The first thing we do is now to load the dataset and identify possible text columns.

In [0]:
# Take a handle on the dataset
mydataset = dataiku.Dataset("test_prepared_scored")

# Load the first lines.
# You can also load random samples, limit yourself to some columns, or only load
# data matching some filters.
#
# Please refer to the Dataiku Python API documentation for more information
df = mydataset.get_dataframe(limit = dataset_limit)

df_orig = df.copy()

# Get the column names
numerical_columns = list(df.select_dtypes(include=[np.number]).columns)
categorical_columns = list(df.select_dtypes(include=[object]).columns)
date_columns = list(df.select_dtypes(include=['<M8[ns]']).columns)

# Print a quick summary of what we just loaded
print "Loaded dataset"
print "   Rows: %s" % df.shape[0]
print "   Columns: %s (%s num, %s cat, %s date)" % (df.shape[1], 
                                                    len(numerical_columns), len(categorical_columns),
                                                    len(date_columns))

By default, we suppose that the text of interest for which we want to extract topics is the first of the categorical columns.

In [0]:
raw_text_col = categorical_columns[0]

# Uncomment this if you want to take manual control over which variables is the text of interest
#print df.columns
#raw_text_col = "text_normalized"

raw_text = df[raw_text_col]
# Issue a warning if data contains NaNs
if(raw_text.isnull().any()):
    print('\x1b[33mWARNING: Your text contains NaNs\x1b[0m')
    print('Please take care of them, the countVextorizer will not be able to fit your data if it contains empty values.')

**To test this notebook  on example data uncomment the following cell.**

You can test this notebook on the 20newsgroups dataset:

In [0]:
#Example on the 20newsgroups
#from sklearn.datasets import fetch_20newsgroups
#dataset = fetch_20newsgroups(shuffle=True, random_state=1,remove=('headers', 'footers', 'quotes'))
#raw_text = dataset.data

## Text Processing <a id="text_process" /> 

We cannot directly feed the text to the Topics Extraction Algorithms.
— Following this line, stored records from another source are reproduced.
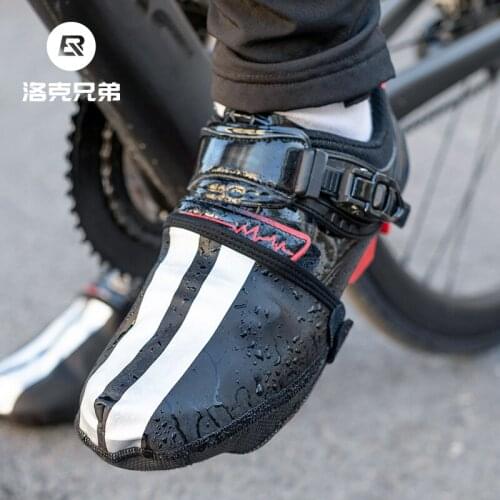 Rockbros Half Palm Cycling Shoe Cover Bicycle Mountain Road Bike Lock Shoe Shoe Cover MenS Autumn Winter Warm Equipment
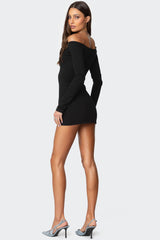 Rox Off Shoulder Mini Dress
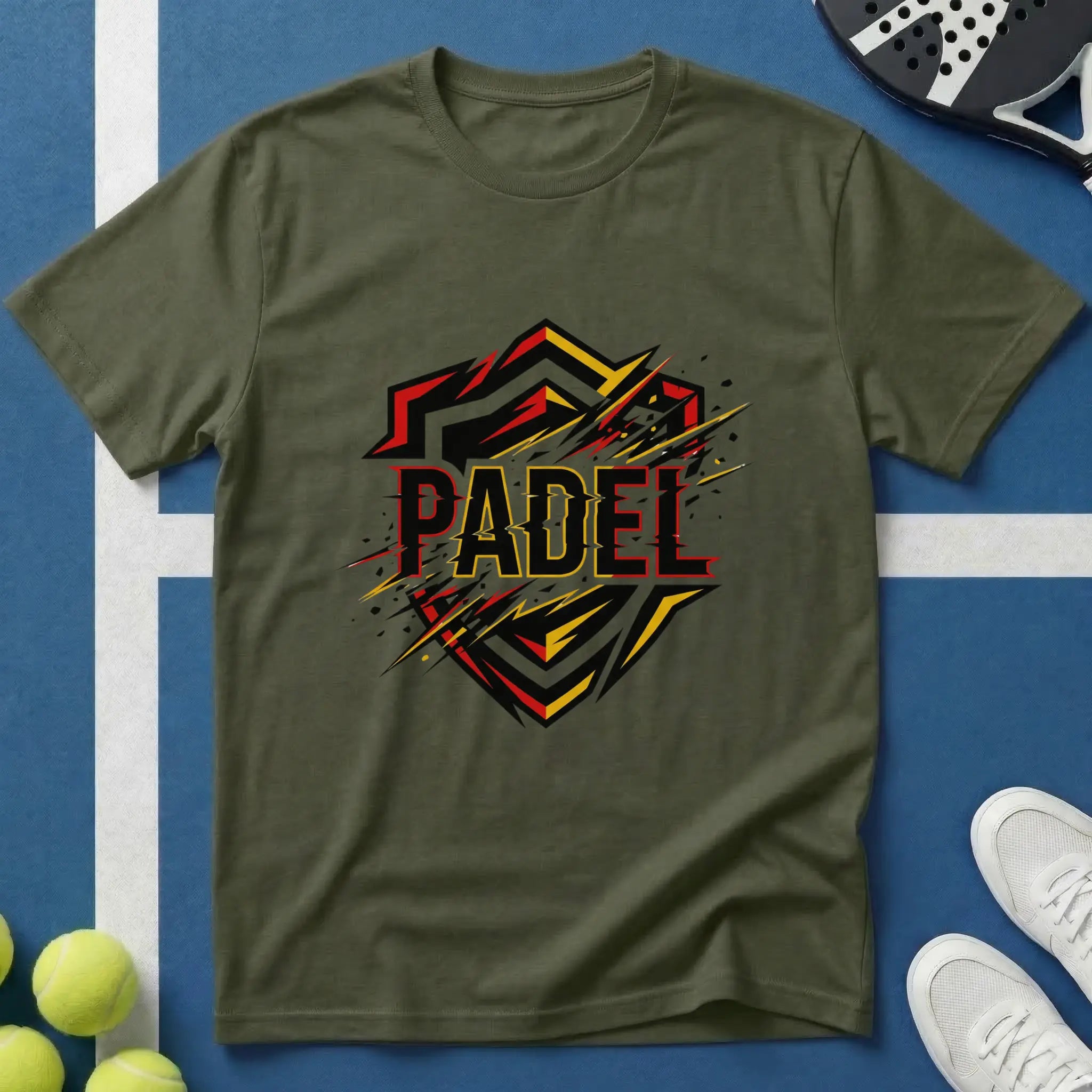 Padel Deutsches Wappenschild T-Shirt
We first need to process the text in order to get numerical vectors. We achieve this by applying either a CountVectorizer() or a TfidfVectorizer(). For more information on those technics, please refer to thid [sklearn documentation](http://scikit-learn.org/stable/tutorial/text_analytics/working_with_text_data.html).   
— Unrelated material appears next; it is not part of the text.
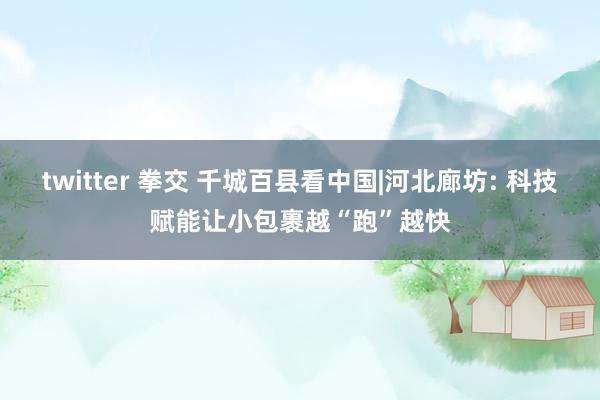 twitter 拳交 千城百县看中国|河北廊坊: 科技赋能让小包裹越“跑”越快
As with any text mining task, we first need to remove stop words that provide no useful information about topics. *sklearn* provides a default stop words list for english, but we can alway add to it any custom stop words : <a id="stop_words" /a>

In [0]:
custom_stop_words = []
#custom_stop_words = [u'did', u'good', u'right', u'said', u'does', u'way',u'edu', u'com', u'mail', u'thanks', u'post', u'address', u'university', u'email', u'soon', u'article',u'people', u'god', u'don', u'think', u'just', u'like', u'know', u'time', u'believe', u'say',u'don', u'just', u'think', u'probably', u'use', u'like', u'look', u'stuff', u'really', u'make', u'isn']

stop_words = text.ENGLISH_STOP_WORDS.union(custom_stop_words)
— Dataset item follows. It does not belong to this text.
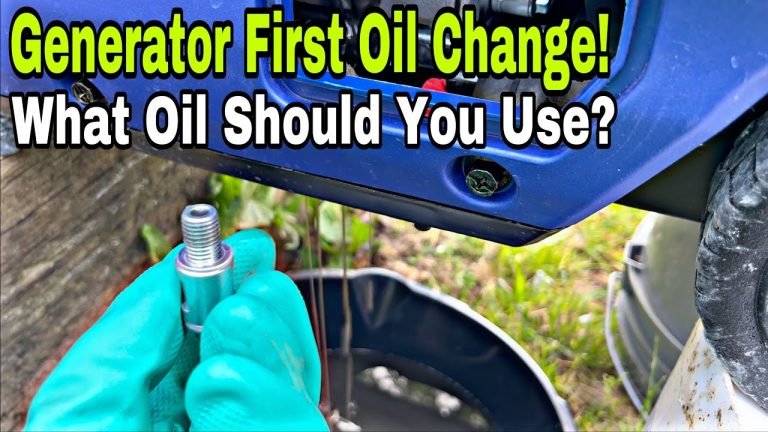 How To Change Oil In Westinghouse Generator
### CountVectorizer() on the text data <a id="tfidf" /> 

We first initialise a CountVectorizer() object and then apply the fit_transform method to the text.


In [0]:
cnt_vectorizer = CountVectorizer(strip_accents = 'unicode',stop_words = stop_words,lowercase = True,
                                token_pattern = r'\b[a-zA-Z]{3,}\b', max_df = 0.85, min_df = 2)

text_cnt = cnt_vectorizer.fit_transform(raw_text)

print(text_cnt.shape)

### TfidfVectorizer() on the text data <a id="tfidf" /> 

We first initialise a TfidfVectorizer() object and then apply the fit_transform method to the text.

In [0]:
tfidf_vectorizer = TfidfVectorizer(strip_accents = 'unicode',stop_words = stop_words,lowercase = True,
                                token_pattern = r'\b[a-zA-Z]{3,}\b', max_df = 0.75, min_df = 0.02)

text_tfidf = tfidf_vectorizer.fit_transform(raw_text)

print(text_tfidf.shape)

In the following, we will apply the topics extraction to `text_tidf`.

## Topics Extraction Models <a id="mod" /> 

There are two very popular models for topic modelling, both available in the sklearn library: 

* [NMF (Non-negative Matrix Factorization)](https://en.wikipedia.org/wiki/Non-negative_matrix_factorization),
* [LDA (Latent Dirichlet Allocation)](https://en.wikipedia.org/wiki/Latent_Dirichlet_allocation)

Those two topic modeling algorithms infer topics from a collection of texts by viewing each document as a mixture of various topics. The only parameter we need to choose is the number of desired topics `n_topics`.  
It is recommended to try different values for `n_topics` in order to find the most insightful topics. For that, we will show below different analyses (most frequent words per topics and heatmaps).

In [0]:
n_topics= 10

Use this line for LDA

In [0]:
topics_model = LatentDirichletAllocation(n_topics, random_state=0)

Uncomment the following line to try NMF instead.

In [0]:
#topics_model = NMF(n_topics, random_state=0)

In [0]:
topics_model.fit(text_tfidf)

### Most Frequent Words per Topics
An important way to assess the validity of our topic modelling is to directly look at the most frequent words in each topics.

In [0]:
n_top_words = 10
feature_names = tfidf_vectorizer.get_feature_names()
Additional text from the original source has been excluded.